Well I'm glad to hear I wasn't talking bollox yet again.


----------



## Zoltarc (Jun 26, 2005)

Looks like it was dynoed in FWD too


----------



## canman (Jul 7, 2001)

No, they just hadn't bolted on the rear pods yet.............

Chuck, you're right on the TCF front, most people don't setup the TCF as it's just a best guess figure really unless someones properly measured the losses through the transmission.

There's an option to turn off the "flywheel" display, but they have an old version of software.
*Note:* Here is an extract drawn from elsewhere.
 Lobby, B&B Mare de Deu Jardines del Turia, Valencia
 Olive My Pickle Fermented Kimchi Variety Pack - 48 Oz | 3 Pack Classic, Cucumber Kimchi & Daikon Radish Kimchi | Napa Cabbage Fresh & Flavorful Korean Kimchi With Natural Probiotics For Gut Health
TweenieRob, it'll be interesting to see how it matches up. Different environment and all that, but just to see if the numbers are in the same ballpark, they certainly should be.


----------



## ybioul (Nov 23, 2007)

this is what i'be been thinking since the begining it had to have more HP than stated... to be better than 997 bi turbo with more weight....

I knew it... imaging as well that this car probably is still very new wo engine will bring on more power with time.....


----------



## tyndago (Oct 24, 2002)

The performance numbers should be a little better than the "guessed numbers".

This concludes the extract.